I've had a change of heart concerning my move to Seattle. I've been met with a lot of resistance from employers, since I'll require a couple of weeks to move. Well, in this economy, there are tons of people with my skill set looking for work, and can start work tomorrow. Most employers know this, and have been honest with me.

So, it looks like I'll likely be staying in Portland. Which is fine, since this is my home, and my friends and family are here. Having the extra support right now is a good thing.

Later on I hear that my ex is looking for work in the Portland area. I'm assuming that it's for school as well, so she can get her Masters. I think that this could lead to the best chance of reconciliation, if that's even a possibility. We have a lot of mutual friends here, and I'm sure that we'll see each other more often. But, I'd have to be careful. I don't want to get my hopes up, and I don't want to get hurt seeing her over and over if there's not chance for us. Now that I've pulled a 180 and I feel amazing, and she gets to a better place in life, then maybe it could happen. Maybe not. I'm trying the nonchalance method here...


----------



## jeffsmith77 (Mar 19, 2011)

I've had a sudden shift in my attitude lately. For weeks, I've been feeling upbeat, positive, and excited for the future. I felt great. I've missed her more than I can say, but I felt happy aside from that.

Now, for the past four days, I've been angry. Not just a little steamed at the small things in life, but genuinely angry. Angry at her. Not necessarily for leaving me, but for the events around the separation. I feel like she was acting selfishly by giving us two months (and a total of maybe 7 counseling sessions) to turn things around. I feel like she isn't considering everything that's going on with me: I lost my job, my mom suddenly died just before Christmas, and I've been battling some depression for a good 6 months. So of course things aren't going to turn around right away, but she expected them to.

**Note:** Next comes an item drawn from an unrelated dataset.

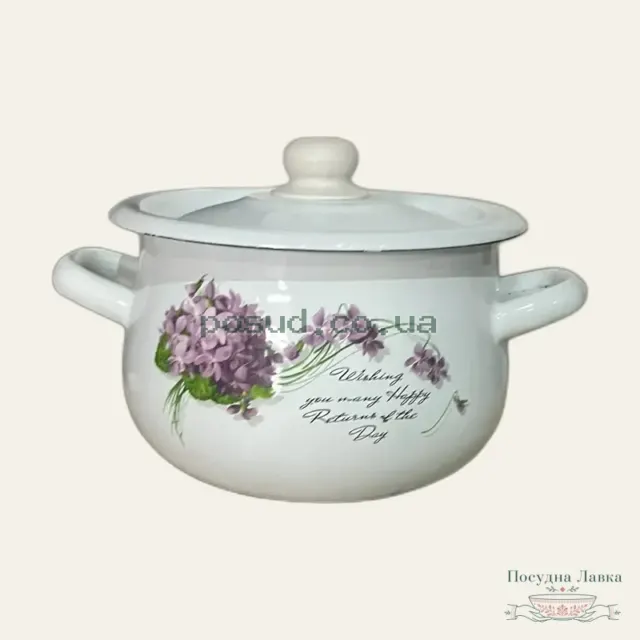 Каструля Idilia «Віола» І 1711/2, 2,4 л, молочна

Normally I'm a pretty even tempered guy, and I can always look on the positive side of things. But lately, there's been this side of me that's shown up, and I don't like it. I've isolated myself from my friends and family, and I rarely go outside. I just sit at home alone, only my cats and my hate to keep me company.

This amount of anger, and it's consistency, is something that's new to me. If anyone has any advice, I'd love to hear it. I hate being so hateful.


----------



## PHTlump (Jun 2, 2010)

jeffsmith77 said:


> This amount of anger, and it's consistency, is something that's new to me. If anyone has any advice, I'd love to hear it. I hate being so hateful.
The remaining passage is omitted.